I am about to run out of Ship Internet minutes at 40 cents. Then it jumps to 75 cents a minute!

So what has been YOUR favorite place in the world to see far from home?

Wednesday, January 21, 2015

From a Ship in Houston Every Port in the World is Open to You...Here's 3 - Cozumel, Belize, Roatan Honduras

My journal this week.

20 January 2015

We are sitting on a Norwegian cruise ship 5 miles off Belize – there is a reef that keeps us from getting closer. So they send out small boats to “tender” us to the mainland at Belize City, the capital.  We can see at least two other ships near us, one is a Carnival and the other is too far away to tell, but its huge like us.

Yesterday we woke up in Cozumel, on the Yucatan in Mexico after leaving Bayport, Houston and spending a night and a day crossing the Gulf of Mexico. 

Above: Cozumel, Mexico harbor

When we left Port Houston an entire world of ports opened up to us—if you had the time and money you could sail to any port in the entire world. Commercial ships do it all the time – over 6,000 of them a year coming into the Houston port alone. But on this trip we are making 3 ports of call-- Cozumel, Belize and Roatan, an island 30 miles from the mainland of Honduras.

Here is a map:
Cozumel (and cancun) is probably the safest place in Mexico. Because of tourism they have tons of jobs, so they don’t have the issues like western Mexico, where I heard they stopped taking cruise passengers because a busload of them were stopped at a checkpoint and robbed. That’s not good for business so the ships stopped going to places like Mazatlan, where I have been.  Here is a street shot:
Above: Street scene in Cozumel. Notice the police in the truck carrying a machine gun.

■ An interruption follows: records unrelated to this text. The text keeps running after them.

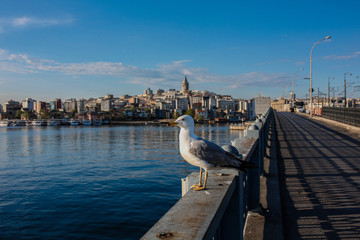 Seagull waiting on the Galata Bridge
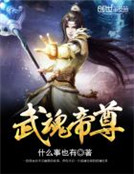 小说《武魂帝尊》TXT下载_武魂帝尊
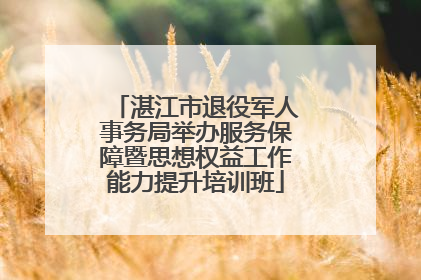 湛江市退役军人事务局举办服务保障暨思想权益工作能力提升培训班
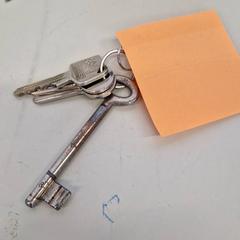 Keychain sleutwlbos, as reported by Transdev Gooi en Vechtstreek using iLost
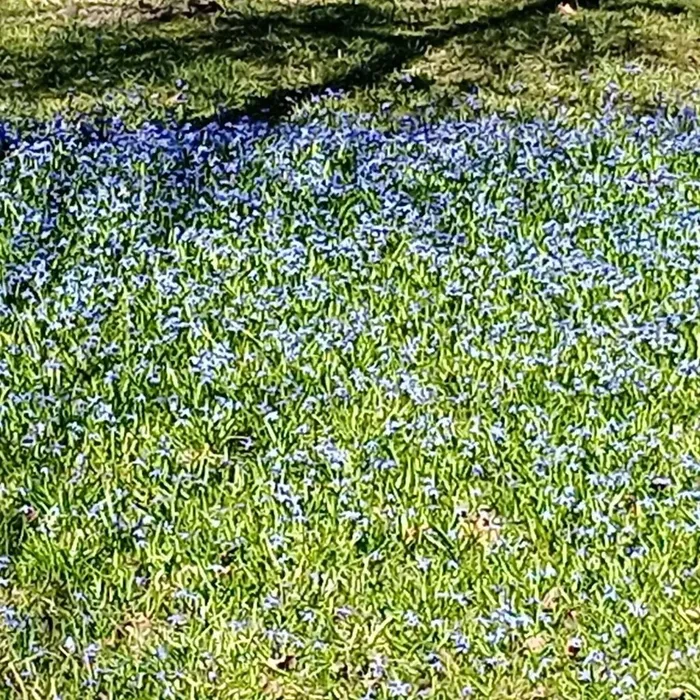 znWeqV1l3AnN3eogFbuxV9AMx_8Fwqk2s5qoOs_Qo0Khz6eS4Ee5hDkmdDY7VDHs8uKV2FELzY9YPULbTxIbT-4b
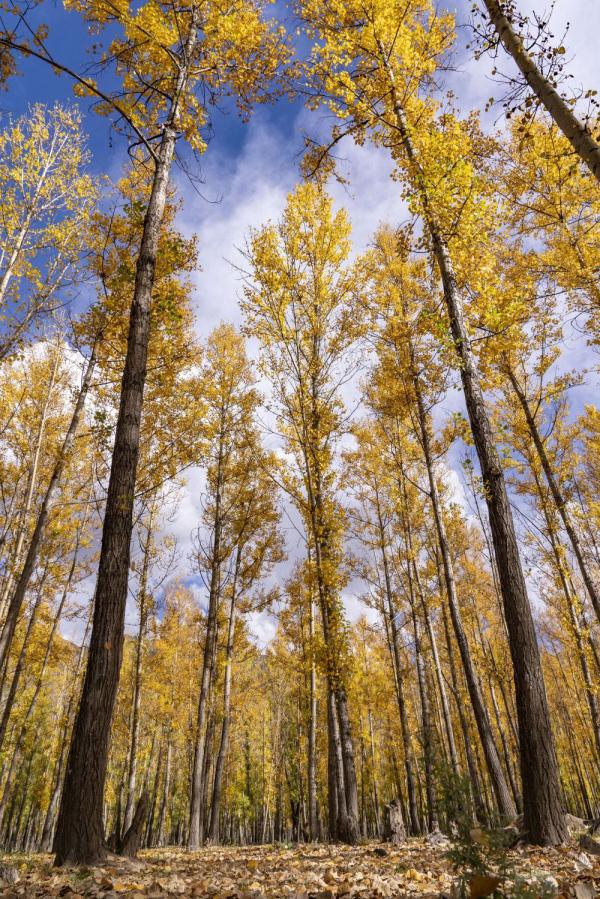 跟我，踏上最美“景觀大道”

Next stop we made was Belize
The funniest thing that happened in Belize was when we were riding the tour bus and a lady in the back piped up and asked: “What about the damage from the Tsunami?”  I almost cracked up and wanted to shout: “That was in Indonesia, on the other side of the world!” but I let the guide handle out. “No, we have not had any Tsunami’s here” and she went on from there.

A lot of Americans live in Belize because it is cheap as a retirement place.  Gas costs $4.50 a gallon – when it is under $2 in the U.S. (our guide said it had been $6 before the price drop).  She said that a company has a monopoly on gasoline distribution. That explains a lot. I wondered why they allowed their government to do that, but they seemed to think “that’s the way it is.”  So, people use the term “driving their BMW” – meaning “Be Me Walking.”  Many use bicycles. They have zero solar and zero wind power – the gasoline monopoly I am sure opposes that too since it would be competition.

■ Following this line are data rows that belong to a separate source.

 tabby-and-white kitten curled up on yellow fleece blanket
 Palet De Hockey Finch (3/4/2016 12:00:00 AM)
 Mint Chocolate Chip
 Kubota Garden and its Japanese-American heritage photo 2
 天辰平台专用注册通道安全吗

Belize people consider themselves ‘creole’ and speak English. This came about after the Spanish and British had a big fight over it and the Brits won. It and the U.S. are the only two countries that speak English. Our guide said “We have almost 320,000 people!”  Wow, the entire country has about the same number of people as Amarillo and Lubbock combined!  Houston’s five million would swallow it.
When she showed the “rich” district of Belize City, it could have been any U.S. neighborhood. Someone asked how much houses cost, she said: “They are very expensive, about $250,000!”  Needless to say a lot of ears perked up on that one. Here is a shot of downtown Belize City:



They are very friendly, and prefer to speak a Creole among themselves. But the country was founded upon the sweat of slaves, who are represented on their flag with a white colonist.  They put metal bars over the windows. When a storm comes, they cut plywood and put it behind the metal, in front of the windows. Wow. The things you learn when traveling…

21 January 2015
This morning we woke up coming into the port on Roatan, Honduras. It is an island about 30 miles off the coast of Honduras.



Above: Roatan, Honduras – Port

The capital of Honduras, Teguichagapa (sp), is the murder capital of the world. A passenger we met last night at dinner pointed out. He was ok with going to Roatan, but he would not want to be on the mainland of Honduras.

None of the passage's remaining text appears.